L’operaia che amava la sua fabbrica
diMaria Pia Trevisan
La Memoria del Mondo Libreria Editrice-Magenta (MI), Aprile 2010
pp.161, 14,50 Euro
Recensione al libro
di Luisa Fressoia
Un libro autobiografico che racconta il proprio lavoro svolto in fabbrica. Una prima assunzione in una piccola calzoleria attraverso cui l’autrice ci rende, con poche e chiare immagini, l’ambiente fisico e l’atmosfera della vita in fabbrica.
… Disposte lungo una parete laterale, illuminata da grandi finestre rettangolari, cinque donne sedute davanti alle macchine rifilatrici, procedevano all’eliminazione della sbavatura delle suole di gomma. Di tutte loro, a più di mezzo secolo di distanza, ricordo ancora i nomi: Anna, Emi, Giovanna, Elsa, Graziella, Angela e Tina ...
Seguono gli eventi vissuti alla Mivar, negli anni Sessanta e Settanta grande azienda produttrice di televisori ad Abbiategrasso, e con essi Maria Pia Trevisan ( ha iniziato a lavorare a quindici anni come apprendista operaia, di seguito presso l'industria metalmeccanica per 22 anni, impegnata in politica e nel sindacato; per cinque volte è stata in Consiglio Comunale di Abbiategrasso) ci narra la sua storia e quella di uomini e donne che hanno prestato la propria opera nel mondo produttivo del nostro Paese.
La Mivar non fu però solo guerra. Nonostante l’attività persecutoria e discriminatoria attuata dall’azienda nei confronti di tutti gli attivisti sindacali, riuscimmo a prenderci anche notevoli spazi di iniziativa politica e culturale.

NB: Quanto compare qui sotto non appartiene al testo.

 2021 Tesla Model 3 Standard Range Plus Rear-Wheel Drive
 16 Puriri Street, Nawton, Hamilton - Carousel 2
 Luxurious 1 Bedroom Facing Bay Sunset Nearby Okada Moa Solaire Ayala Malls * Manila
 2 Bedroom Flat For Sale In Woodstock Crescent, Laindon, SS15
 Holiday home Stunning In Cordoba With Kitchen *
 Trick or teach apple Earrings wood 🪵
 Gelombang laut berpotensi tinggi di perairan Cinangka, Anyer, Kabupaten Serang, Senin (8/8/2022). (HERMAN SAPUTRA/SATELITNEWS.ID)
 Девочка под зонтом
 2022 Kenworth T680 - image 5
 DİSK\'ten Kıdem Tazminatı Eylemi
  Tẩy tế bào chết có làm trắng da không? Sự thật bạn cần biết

Due di noi, Carlo (non quello a cui avevano rotto il setto nasale, un altro Carlo, anch’esso membro della commissione interna) ed io fummo eletti nel mese di maggio del 1970 consiglieri comunali del Comune di Abbiategrasso. Subito dopo ci fu l’elezione del primo Consiglio di fabbrica. Mi proposero di candidarmi. Tra i nove eletti nell’esecutivo ci fui anch’io. Sempre nel corso di quello stesso anno mi elessero nel Comitato federale del Pci milanese, quale rappresentante di una delle fabbriche più significative del territorio abbiatense ... La mia palestra di vita si allargò a dismisura. I corsi sindacali e di partito, i convegni, i seminari, le conferenze e i congressi a cui partecipavo, divennero la mia Università, quella che avevo da sempre desiderato frequentare. Da quella scuola, trassi insegnamenti che mi permisero di leggere la realtà con occhi più consapevoli e che, contemporaneamente, mi diedero la forza per affrontare le nuove responsabilità che mi ero assunta ... A me pareva di riuscire, così, a riversare anche sui miei figli la ricchezza di quelle esperienze. I sensi di colpa per le mie frequenti assenze trovarono spesso compensazione nella pienezza del nostro rapporto, nella voglia di vivere tutta nuova che rendeva il nostro quotidiano persino "speciale". Io mi sentivo cambiata. Non ero più una madre frustrata. Ero una madre più forte. Ero una donna più forte.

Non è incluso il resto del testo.